The most successful interrogation of an Al-Qaeda operative by U.S. officials required no sleep deprivation, no slapping or "walling" and no waterboarding. All it took to soften up Abu Jandal, who had been closer to Osama bin Laden than any other terrorist ever captured, was a handful of sugar-free cookies.
Time supplies the pertinent background information:
Abu Jandal had been in a Yemeni prison for nearly a year when Ali Soufan of the FBI and Robert McFadden of the Naval Criminal Investigative Service arrived to interrogate him in the week after 9/11. Although there was already evidence that al-Qaeda was behind the attacks, American authorities needed conclusive proof, not least to satisfy skeptics like Pakistani President Pervez Musharraf, whose support was essential for any action against the terrorist organization. U.S. intelligence agencies also needed a better understanding of al-Qaeda's structure and leadership. Abu Jandal was the perfect source: the Yemeni who grew up in Saudi Arabia had been bin Laden's chief bodyguard, trusted not only to protect him but also to put a bullet in his head rather than let him be captured.

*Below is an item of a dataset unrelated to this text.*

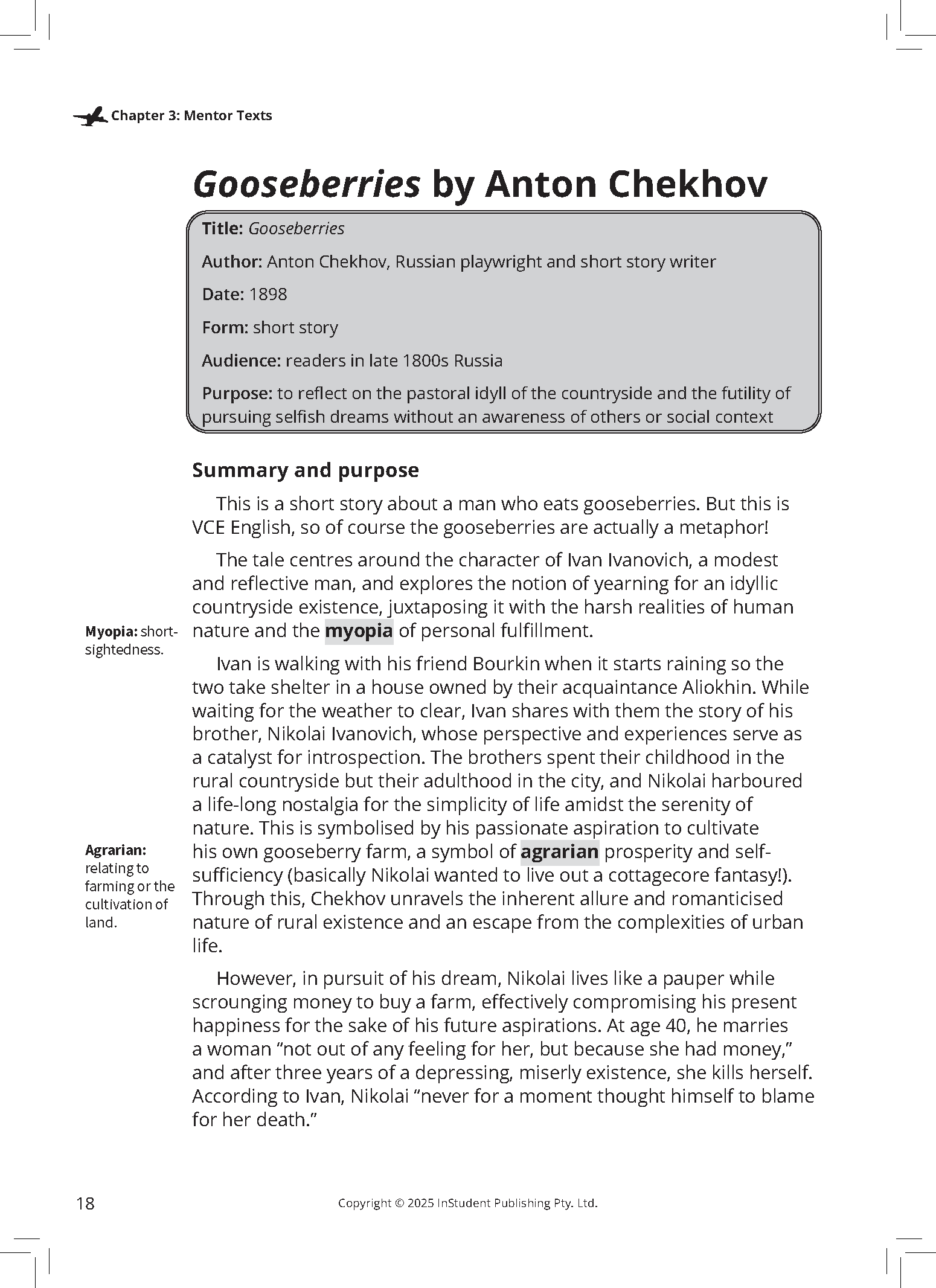 ATAR Notes VCE English 3&4 Frameworks Guide: Writing about country (2026 Edition) - Image 11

Unsurprisingly, Abu Jandal did everything in his power to not cooperate with the American interrogators. He went on rants about how the United States was evil and intimidated guards to a point where they felt they had to mask their identities. So naturally, Soufan and company were faced with a choice regarding what to do next: would they employ "enhanced interrogation techniques" or would they try something else?
Soufan noticed that Abu Jandal did not eat any of the cookies that were brought to him. This was because he was diabetic. So when it came time to question him further, the Americans brought sugar-free cookies. The result?
At their next meeting, the Americans brought him some sugar-free cookies, a gesture that took the edge off Abu Jandal's angry demeanor. "We had showed him respect, and we had done this nice thing for him," Soufan recalls. "So he started talking to us instead of giving us lectures."
It took more questioning, and some interrogators' sleight of hand, before the Yemeni gave up a wealth of information about al-Qaeda — including the identities of seven of the 9/11 bombers — but the cookies were the turning point. "After that, he could no longer think of us as evil Americans," Soufan says. "Now he was thinking of us as human beings."
Dear God, a human gesture yields human dialogue? Whoddathunkit? I'm not under the illusion that methods of this nature will work each time we employ them, but this is an example of a broader strategy we should be adopting that Bill Clinton summed up perfectly in his DNC speech: "People the world over have always been more impressed by the power of our example than by the example of our power."
Anyway, aren't patronizing quotes like this funny now?
Liberals want us to offer captured terrorists tea and cookies to get information from them.